Жить Горке Ульянову оставалось совсем недолго, но, окрыленный удачей, он об этом даже не подозревал.

Глава 3

Негромко постучав и, как всегда, не дожидаясь ответа (которого никто давать и не собирался), в кабинет вошла секретарша – пожилая, некрасивая, но зато толковая и внушающая доверие. Доверие она внушала всем без исключения, начиная с крикливых местных теток, явившихся на прием к мэру качать права и толком не представляющих, чего они, собственно, хотят, до проверяющих всех мастей и рангов, даже правительственных чиновников из самой Москвы. Упомянутые тетки (а заодно и дядьки) немедленно проникались к секретарше теплыми чувствами и видели в ней свою заступницу (каковой она действительно являлась, но только изредка, когда дело того стоило), а проверяющие, бросив на нее один лишь взгляд да перебросившись парой ничего не значащих слов, сразу понимали, что при такой секретарше и начальник, то бишь мэр, непременно должен быть человеком солидным, значительным, компетентным и уважаемым – именно таким, какой требуется поселку Волчанка для дальнейшего развития и процветания. Наличие в приемной вместо длинноногой вертихвостки этой пожилой, благообразной, неизменно внимательной и вежливой дамы сразу расставляло все точки над «i», убеждая посетителей в том, что официальное лицо, занимающее кресло главы поселковой администрации, – это именно официальное лицо, а не какой-нибудь сластолюбец, привыкший разводить шуры-муры на рабочем месте.
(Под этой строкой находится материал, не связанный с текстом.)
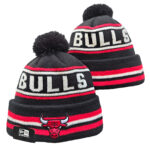 NBAKH2601-056 Sport Knit Hat 056 USD6.98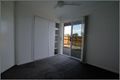 Property photo of 20/27 Tequesta Drive Beaudesert QLD 4285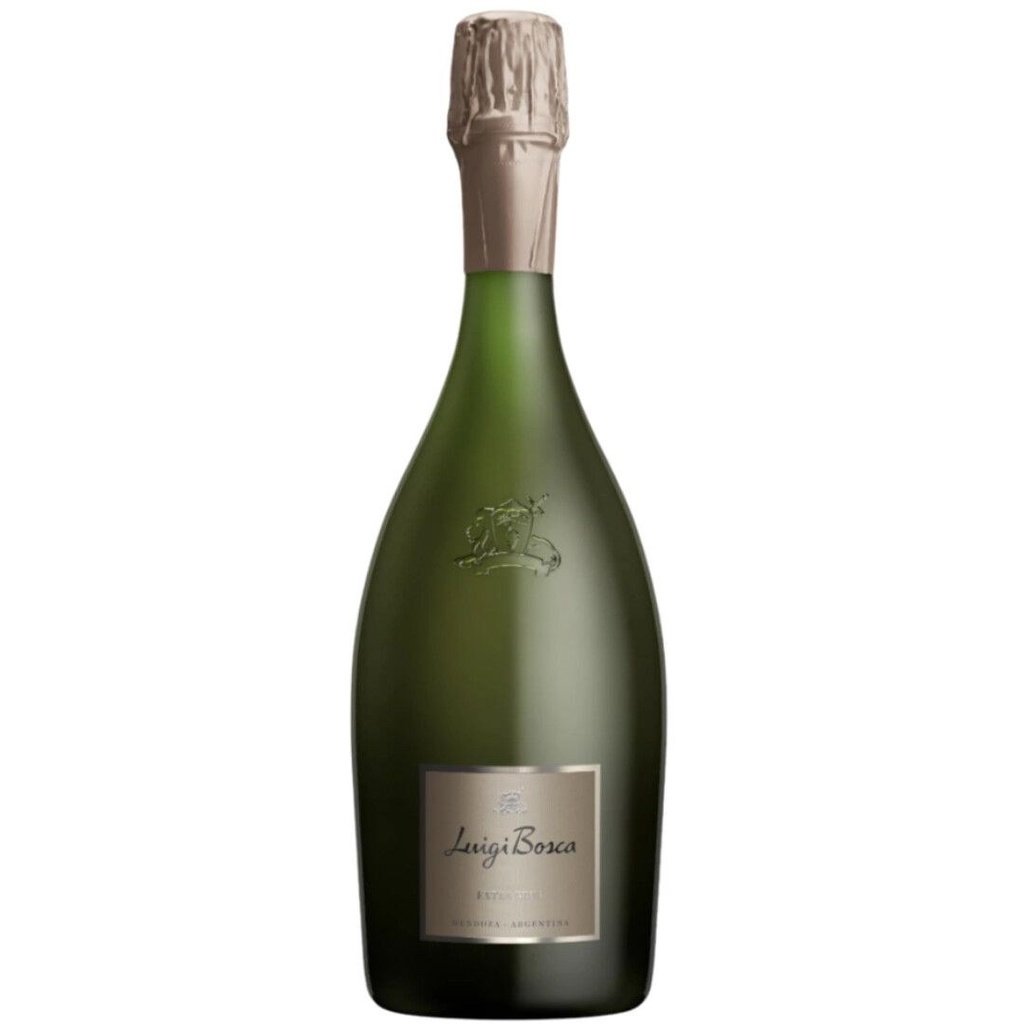 Luigi Bosca Espumante Extra Brut 750 ml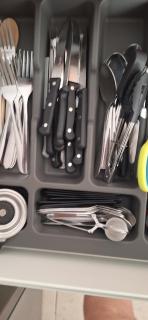 T2 Fort-de-France residence calme - 5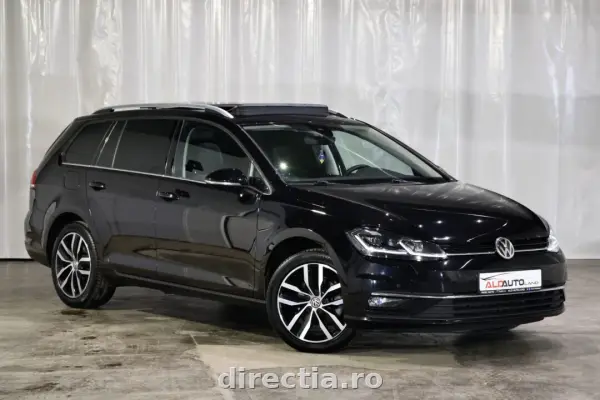 Poza anunț 3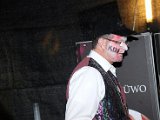 IMG_4120.jpg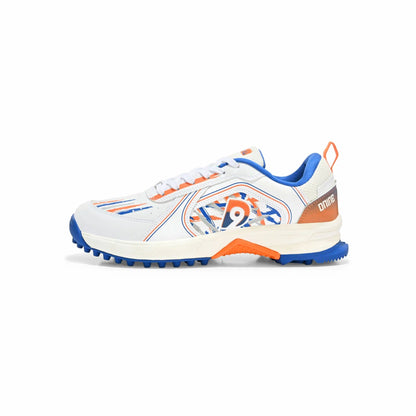 Champion-1 Rubber Studs Shoes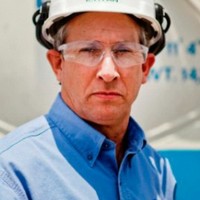 Edward Ryan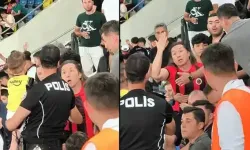 Fenerbahçeli çocuğun formasını çıkarttıran taraftar gerekçesini açıkladı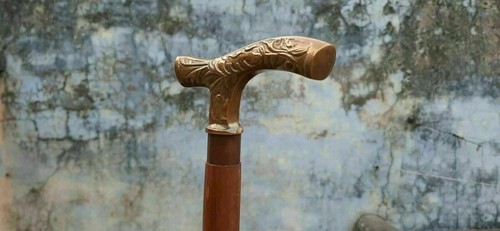 Vintage designer victorian - vintage,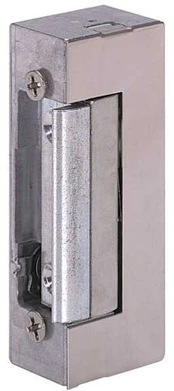 Elektromagnetinė sklendė EFF EFF E7E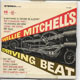 Northern Soul, Rare Soul - WILLIE MITCHELL US EP, THAT DRIVING BEAT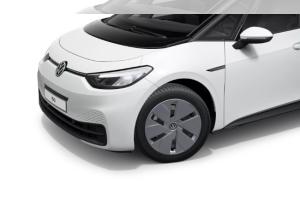 Volkswagen ID.3 Pure Performance NAVI PDC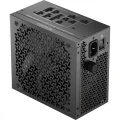Corsair Zasilacz RM750x SHIFT 80+ GOLD ATX 3.1 MODULAR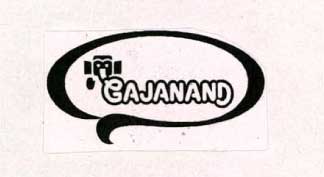 Gajanand Device mark 2097350 Trademark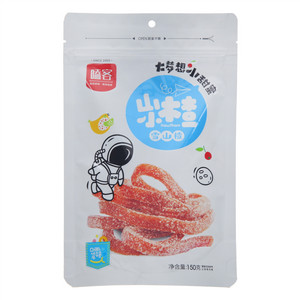 嗑客雪山楂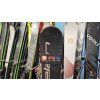 AVEX SKI FIX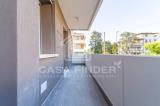 Appartamento, PARMA, 360.000 €, 120,00 mq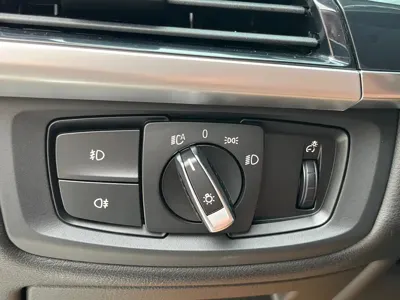 BMW X5 (Import) 2017, 100000 км, за 22954.23 USD - фото 16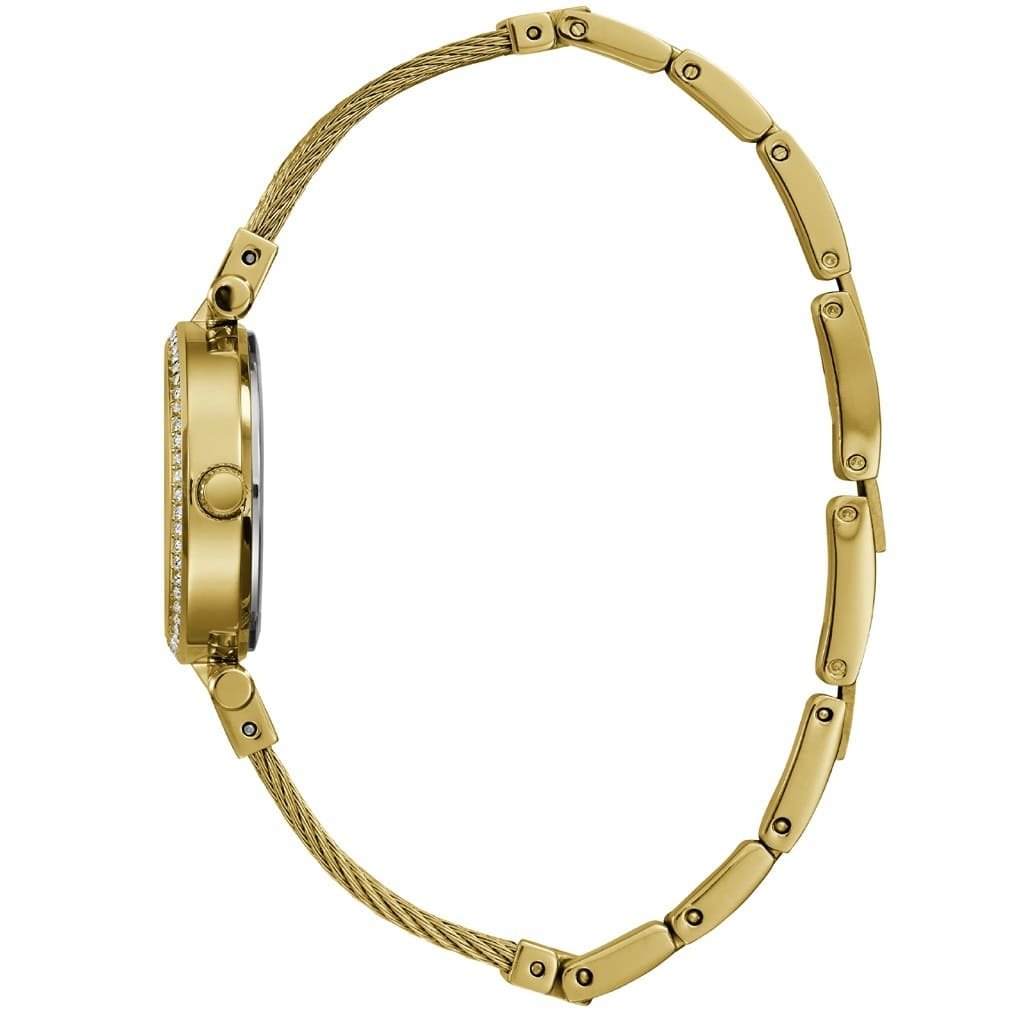 ساعة جيس للنساء W1009L2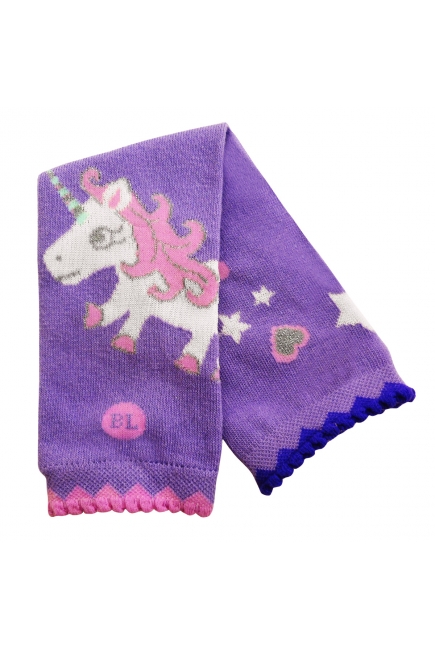 Гетры Babylegs "Melody"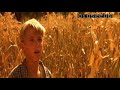 jeepers creepers scarecrow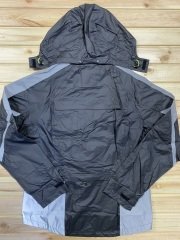 Altura Nightvision Cyclone Yağmurluk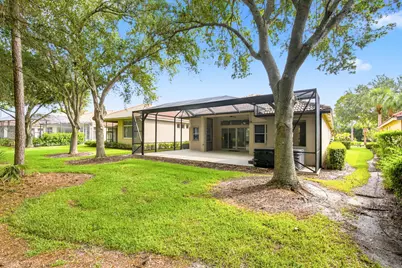 8817 Champions Way, Port Saint Lucie, FL 34986 - Photo 63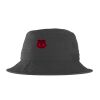 Bucket Hat Thumbnail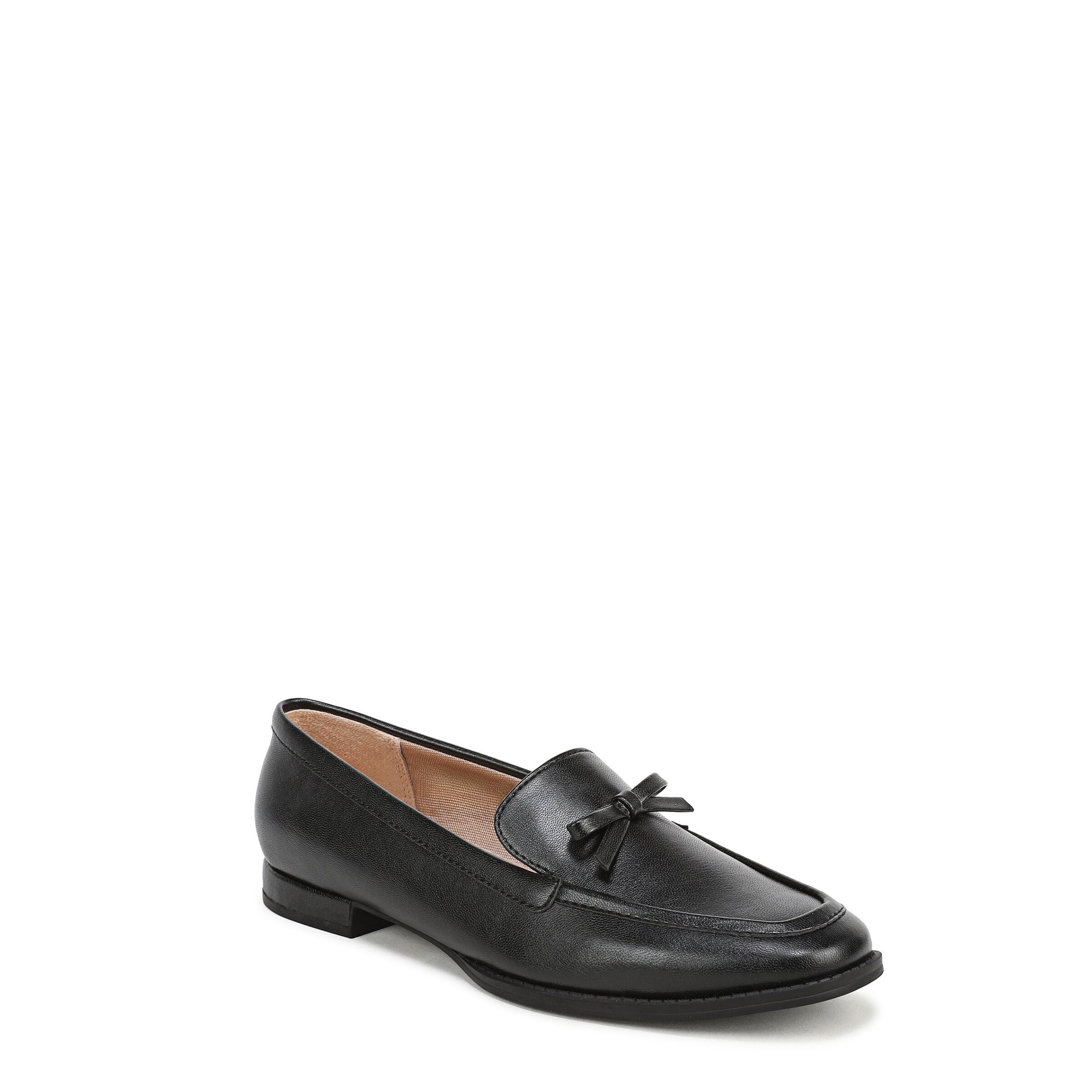 Fable Loafer, BLACK, hi-res image number 0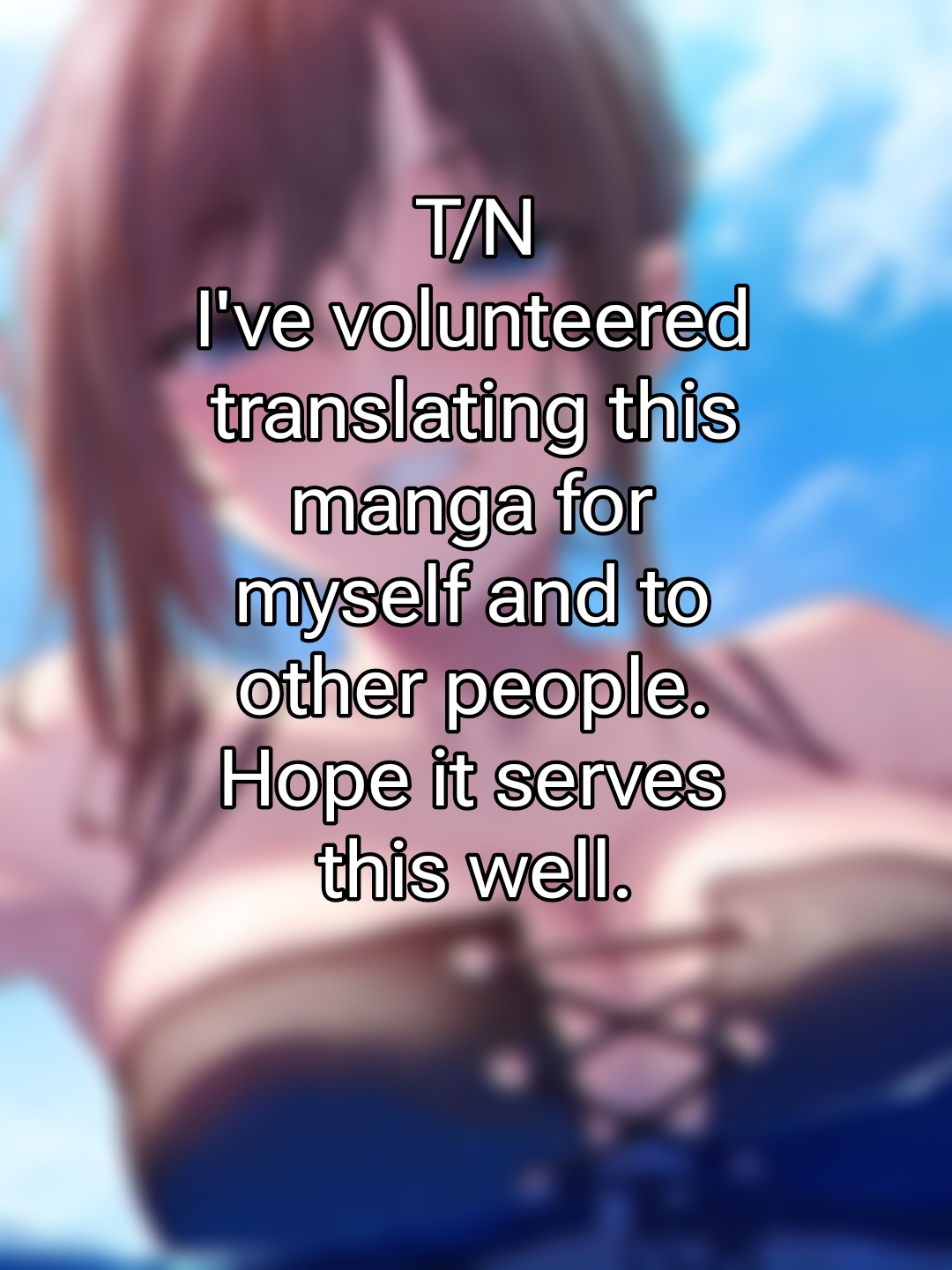 [Mikuni Mizuki] Shokuba no Senpai: 2-nenme no Umi Hen | My Workplace Senior: 2nd Year at the Sea Edition [English] изображение № 13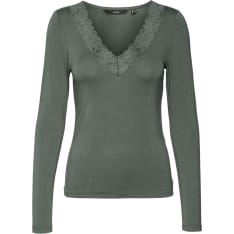 Vero Moda Vmrosa naisten paita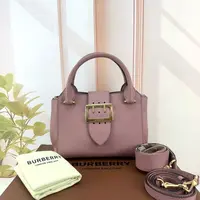 95新/包包/博柏利/250507SW0028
Помимо редкого умения внушать доверие не только к себе, но и к своему начальству, секретарша обладала целым букетом иных, не менее ценных достоинств. Она, к примеру, прекрасно заваривала чай и кофе, а также пекла отменные пироги со всякой всячиной, которыми регулярно и безвозмездно потчевала не только своего начальника, но и весь личный состав поселковой администрации. К этому все давно привыкли и воспринимали как должное. Да и чему тут было удивляться? Алевтина Матвеевна была бездетной вдовой, и заботиться, кроме своих сослуживцев, ей было не о ком.

В прошлом была она не просто баба, мужняя жена, а матушка. В смысле, попадья. Привез ее сюда, понятное дело, супруг, отец Андрей. как же, дай бог памяти, была его фамилия? Ну вот, уже и не вспомнить. Хотя, если подумать, фамилия Алевтины Матвеевны – Карташова. Паспорт после смерти мужа она вроде не меняла, так что и батюшка скорее всего был Карташов. А, да кому теперь до этого какое дело? Неважно, как его фамилия, важно, что был он, прости господи, дурак набитый. А уж упрямый!..

Принесла его сюда нелегкая лет десять, если не все пятнадцать тому назад откуда-то из центра, из цивилизованных мест – из Ярославля, что ли, а может, и из Пскова. Батюшка, человек немолодой, солидный и, по слухам, пользовавшийся в кругах священнослужителей очень неплохой репутацией, с благословения чуть ли не самого московского патриарха прикатил в здешние места по собственному почину, обуреваемый сумасбродной, фантастической идеей – возродить к жизни Волчанскую обитель. Это ж надо было такое придумать!